Insider says it only wants to define views as when people actually watch its videos, instead of scrolling past them in a news feed. It’s why the publisher, which has been one of the prime examples of a digital media company achieving huge scale very quickly off the back of Facebook’s News Feed videos, is prioritizing 30-second video views over the three-second view that is made publicly available on Facebook.
The 30-second view metric is the number that Insider’s 105-person video team will focus on internally as it develops and produces new videos and shows, and it will also be the number Insider Inc. presents to the press and to marketers. On a related note: Insider said it crossed 1 billion 30-second views per month this summer.
“You make what you measure,” said Tony Manfred, Insider’s head of video. “If we organize ourselves around three-second views, then we’re probably going to make a lot of videos designed to get three-second views. As we have been working through where we have been the last three years and where we want to go, 30-second views is a solid and useful metric that represents the type of scale and quality of viewership we want to achieve.”
Insider’s shift comes as the company hit 4 billion views across platforms — with a lot of growth coming from YouTube, which generally measures views around the 30-second mark, Manfred said. In September, across its 12 YouTube channels, Insider hit 154 million YouTube video views, according to Tubular Labs. Average watch time on the platform has been up 70 percent year over year, Manfred said, citing internal YouTube data.
Insider’s growth on YouTube has also come as the publisher itself has focused on longer and longer videos. When Insider launched as a distributed-media brand, the publisher was focused on 45-second videos with no sound — perfect for the Facebook News Feed. Today, every video made by Insider is at least three minutes long (Facebook’s rules dictate that videos have to be at least three minutes long in order enable its mid-roll video ad breaks). Insider is also actively producing episodic shows, including the Facebook-funded “Business Insider Today,” which can run for eight minutes or longer.
“Once we started making longer videos that had more meaty stories to them, our YouTube views exploded,” said Manfred.
With Insider focused on longer videos, the publisher is also making fewer videos overall.
One complication with the 30-second view is that not every platform offers this metric easily. Facebook and YouTube provide video makers with a 30-second view stat, but other platforms do not, Manfred said. In such instances, Insider will look at other data to estimate 30-second views. For instance, some platforms offer charts that show view retention across “four quartiles” of the video, Manfred said. Here, Insider will look at the number of views at the 25 percent mark of a video, and with most Insider videos running for a minimum of three minutes, the resulting stat comfortably passes the 30-second benchmark.

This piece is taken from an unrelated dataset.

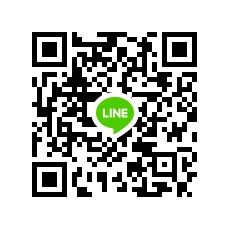 ヒナ img-qrcode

“These are conservative estimates, but we want to work with platforms to develop a preferred metric,” Manfred said.
Insider’s shift to focusing on the 30-second view is a good way to assess whether people are actually watching its videos — and it’s a savvy PR move at a time when the media industry questions the value of Facebook and News Feed-driven social videos. It also helps that even after trimming out the fly-by views, Insider still lands at 1 billion 30-second views.
“It’s a great way to generate press coverage and gain additional credibility amongst media buyers and brands in a time when digital publishing as a whole is going through a bit of a slump,” said Brendan Gahan, founder of social agency Epic Signal. “Although this won’t necessarily impact all marketers, this could be a nice self-selection tool where [Insider] ends up working with advertisers who actually care about the quality of their media plans versus meaningless impressions.”
Insider’s shift tracks with other moves the company has been making to attract more meaningful video ad dollars. It’s one of the publishers that is measured by Nielsen’s Digital Content Ratings product and, this summer, launched a connected TV app to host its longer videos for the big screen.
Manfred said that the decision to prioritize 30-second views required some time for higher-ups to buy in. “Initially people were worried that this was going to be bad for us because our numbers would be lower,” he said, “But at 1 billion, we are still massive.”